The plant will have a capacity to process 800 tonnes of waste daily. The waste has to be transported to the plant by the local self-governing bodies including the Kochi Corporation and other satellite municipalities.
Brahmapuram waste to energy plant will be the first in the country in which gasification process will be used. Even though the cost scale tips to the heavier side, a gasification plant will be an effective waste treatment project for Kerala where garbage segregation has not been successful till now.
“In gasification process, the waste is heated instead of burnt as in other plants. So pollution won’t be a matter of concern. The waste is heated at 900-1,000 degree Celsius to produce energy. Several products including bricks and bean bags can be made after processing these wastes,” he said.

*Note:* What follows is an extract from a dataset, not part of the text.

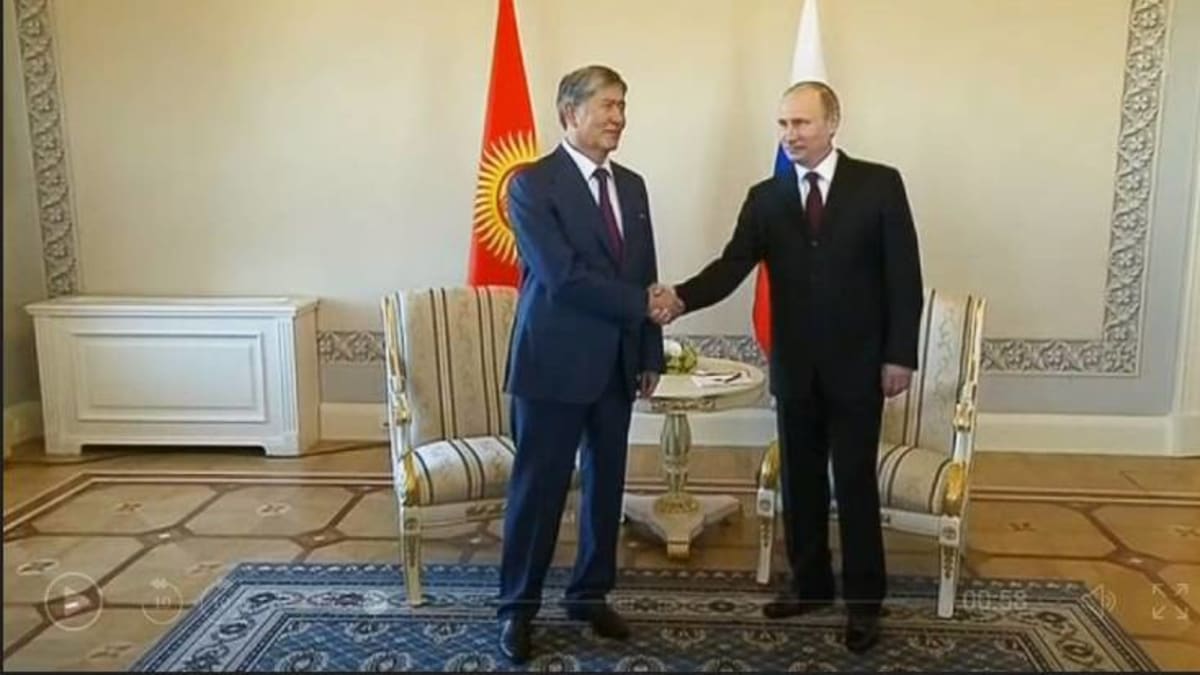 Putin a Almazbek Atambajev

As many as 8 MW energy can be generated by the plant. A unit of electricity will be provided to KSEB at a price of Rs 15. The price of the electricity can be brought down if the government invests in the project. Electricity can be provided to private establishments like the Infopark and the SmartCity.
Electricity will be the major revenue generator for the plant. It would take around 6 to 7 years for the company to reach the breakeven point. It will also generate 120 jobs. “80 percent of revenue will be generated through the sale of electricity. Rest of it can be generated by the sale of byproducts like bricks and poly bags,” Sudeep Nair, finance director of GJNCE said.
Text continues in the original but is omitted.